Givens spent the next 34 years working at the U.S. Naval Air Station in Alameda, Calif., in aircraft parts and procurement.
He married in the early 1950s, and he and his wife, Mary, had no children of their own.
By that time, Givens' sister had moved with her husband to Omaha. Mildred Lee raised four children, including Nebraska football defensive lineman Oudious Lee and Deborah Lee, who married Pinkard.
Deborah and Pinkard lived for years in Southern California and grew close to “Uncle Jim” Givens.
Deborah Lee Pinkard returned to Omaha about 12 years ago and is an attorney with the Douglas County Public Defender's Office.
Her husband split his time between Omaha and California, where he worked for mortgage giant GMAC.
Givens began to slow down. At 90, he jogged and could still dance the Twist. At 91, he had stopped driving. And his sister and nephew decided it was time for him to come to Omaha.
Three years ago Givens moved to Immanuel Village, where he lived independently.
He died Sept. 15 after a fall.
Pinkard flew his uncle's remains home to Oakland last week, where a ceremony was held.
On Thursday, Pinkard spoke to Immanuel Village residents and family members.

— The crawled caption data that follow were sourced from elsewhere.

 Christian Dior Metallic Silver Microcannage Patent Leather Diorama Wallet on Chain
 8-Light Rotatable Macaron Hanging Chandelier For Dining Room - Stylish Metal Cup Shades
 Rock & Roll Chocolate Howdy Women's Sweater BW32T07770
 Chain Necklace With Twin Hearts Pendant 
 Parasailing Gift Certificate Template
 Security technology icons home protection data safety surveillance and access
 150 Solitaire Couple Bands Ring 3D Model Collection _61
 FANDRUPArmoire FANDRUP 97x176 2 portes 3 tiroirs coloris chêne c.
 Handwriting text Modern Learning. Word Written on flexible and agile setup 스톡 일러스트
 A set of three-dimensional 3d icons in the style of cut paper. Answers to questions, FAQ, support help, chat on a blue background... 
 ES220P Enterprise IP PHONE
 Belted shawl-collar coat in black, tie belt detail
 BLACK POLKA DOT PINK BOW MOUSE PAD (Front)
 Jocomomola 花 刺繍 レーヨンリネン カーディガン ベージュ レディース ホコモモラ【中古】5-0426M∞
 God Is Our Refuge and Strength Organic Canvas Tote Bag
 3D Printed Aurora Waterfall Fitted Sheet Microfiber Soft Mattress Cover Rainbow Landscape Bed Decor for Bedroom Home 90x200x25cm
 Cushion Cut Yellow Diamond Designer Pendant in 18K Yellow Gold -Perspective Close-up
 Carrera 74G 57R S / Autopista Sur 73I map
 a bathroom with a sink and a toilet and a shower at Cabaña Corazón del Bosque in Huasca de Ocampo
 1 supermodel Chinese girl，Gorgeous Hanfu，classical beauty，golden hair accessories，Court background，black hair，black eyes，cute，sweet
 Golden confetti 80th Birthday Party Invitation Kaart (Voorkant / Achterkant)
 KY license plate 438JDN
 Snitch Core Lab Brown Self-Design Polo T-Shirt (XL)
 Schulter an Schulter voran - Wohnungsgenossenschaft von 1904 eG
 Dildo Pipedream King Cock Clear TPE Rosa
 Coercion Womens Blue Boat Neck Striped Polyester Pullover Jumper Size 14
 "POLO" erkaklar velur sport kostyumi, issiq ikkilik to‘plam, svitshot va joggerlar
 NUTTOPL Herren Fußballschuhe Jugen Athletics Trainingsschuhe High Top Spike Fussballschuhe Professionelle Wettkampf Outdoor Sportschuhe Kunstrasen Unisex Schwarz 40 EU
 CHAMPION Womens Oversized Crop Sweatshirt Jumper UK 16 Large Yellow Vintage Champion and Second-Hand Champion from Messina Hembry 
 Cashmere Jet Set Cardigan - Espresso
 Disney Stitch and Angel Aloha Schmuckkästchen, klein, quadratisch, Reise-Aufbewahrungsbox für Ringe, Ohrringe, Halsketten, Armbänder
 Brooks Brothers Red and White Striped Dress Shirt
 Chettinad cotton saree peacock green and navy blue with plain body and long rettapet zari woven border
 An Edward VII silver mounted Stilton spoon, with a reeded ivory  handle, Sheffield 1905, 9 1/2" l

Givens, he said, was disciplined. He was caring. He liked his scotch with milk and his Frank Sinatra and Bob Marley. He punctuated big moments with an enthusiastic, “Oh, boy!”
Pinkard described a man who “could turn a negative into a positive,” a man who was a hard worker and a good dancer, a man whose life spanned a remarkable century. A century book-ended by racial segregation and the nation's first black president.
“This was a guy,” Pinkard said, “who made his own life.”